Johannes Wald’s simple mirrors, often polished by hand over a period of months, are all titled Untitled/Stade de miroir (‘Untitled/Mirror Stage’) and extend the moment of childlike self-awareness into his and our immediate present, thereby indicating the necessity of an ongoing examination of the child’s findings. Just as the treatments of the theme of the self/identity in the works described are different and complex, so too is the antiquity of the question that arises in their engagement with the subject: what is the self? Is it a frame of reference that can be regarded as given and fixed, which allows the individual to situate themselves in their social environment and thereby organize a stable access to the outside world? Or is the frame of reference that we understand as our ‘self’ nothing other than a convenient illusion and more or less dependent on various contexts in which we form, adapt and constantly change our fluid selves? Are we thus strangers to ourselves, insofar as we could be someone else at any given moment?
A line can be traced in the history of philosophy from Leibniz via Descartes to Kant that leads to an increasingly precise idea about the capacities and conditions of a deemedly necessary and fixed subject or self. Within the scope of the nineteenth-century idealism, the subject was indeed conceived dialectically as a whole entity, in which the individually particular and the general coalesced, but which nevertheless seemed indispensable as the constant of all phenomenology. Despite the first cracks – courtesy of Pascal, Voltaire et al – appearing in the subject’s edifice, it nevertheless endured as modernity’s conception of man. Until, that is, a rapidly changing world finally inaugurated other intellectual approaches, beginning with Nietzsche and culminating in Foucault, in which the subject/ego completely dissolves and ultimately appears to be dispensable after all. In the literary history of modernism, a comparable development can be traced via Balzac to Joyce, Beckett and Sarraute, in which the self as a secure point of reference for a reliable universal narrative becomes increasingly threadbare. It is not even the author who now has a voice, but language itself. (Roland Barthes.)
During the first half of the twentieth century, the visual arts were also again involved in the further interpretation of the discourse on the subject as a thing, even if this was conducted with customary ambivalence and comparatively ‘insouciant’ reticence. In the context of Dada and Surrealism, Marcel Duchamp was perhaps the sole artist who most consistently challenged the idea of the self/ego as an authority capable of making judgements. He viewed all art as a field ideally suited to simultaneously exploring contradictory conceptions of the self and thereby the dilution of any form of self-certainty. Nor do you have to look far for a counter-position: just think of Jackson Pollock’s seemingly somewhat naïve confession: ‘Painting is self-discovery. Every good artist paints what he is.’ Since the 1960s at the latest, the visual arts in particular, in tandem with literature, have approached numerous discourses revolving around questions of the subject/the self and identity with increasing nuance and have significantly catalysed the shaping and formulation of postmodern theory.

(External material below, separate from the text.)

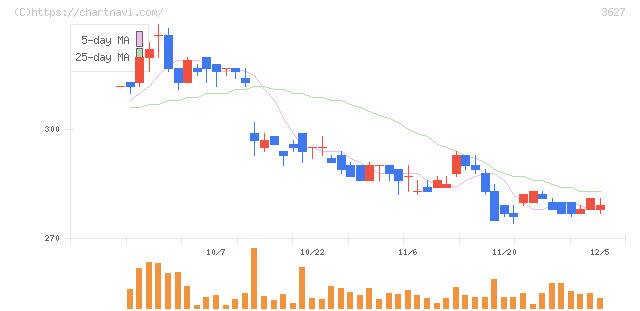 テクミラホールディングス(3627)の日足チャート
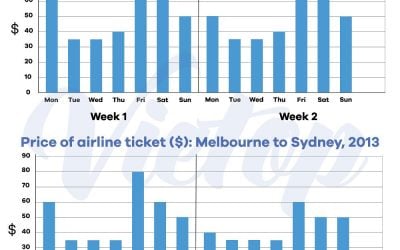 ielts essay task 1 airline ticket prices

Returning to our exhibition, it is evident that the works assembled here in toto showcase neither a canon nor a shared, common approach. Instead, the eternal question of the self is echoed in each one of them from a specific, individual perspective. In a sense, all the works collected here belong to the recent past, inasmuch as they do not reflect an awareness of the radical and ongoing nature of the media revolution transforming our present, nor do they encompass current developments in the field of neurophysiology. They also do not reflect the quantum leap in the wide-ranging implementation of AI research and its outcomes. There is no doubt that the aforementioned developments will once more significantly energise the discourse on identity, the self and the subject and render it both urgent and compelling for a number of completely new reasons. However, what we must now insist upon – in keeping with Walter Benjamin’s adjuration – is the very engagement with the recent past that hones a clear awareness of the challenges of the present. Rimbaud coined the dictum ‘Je est un autre’; generations since then have been unable to turn the supposed deficit purportedly embedded in Rimbaud’s dictum of the self as the other into a positive. And all this is in spite of the fact that art, literature and theorical inquiry across the board have devised and developed the most diverse models for coming to terms with the crisis of the subject. However, the hope abides that the extent to which we can learn to accept ourselves as the other in the future may actually help us succeed in viewing the other as ourselves. This would then adumbrate one of the desirable consequences of a utopia of the nonidentical.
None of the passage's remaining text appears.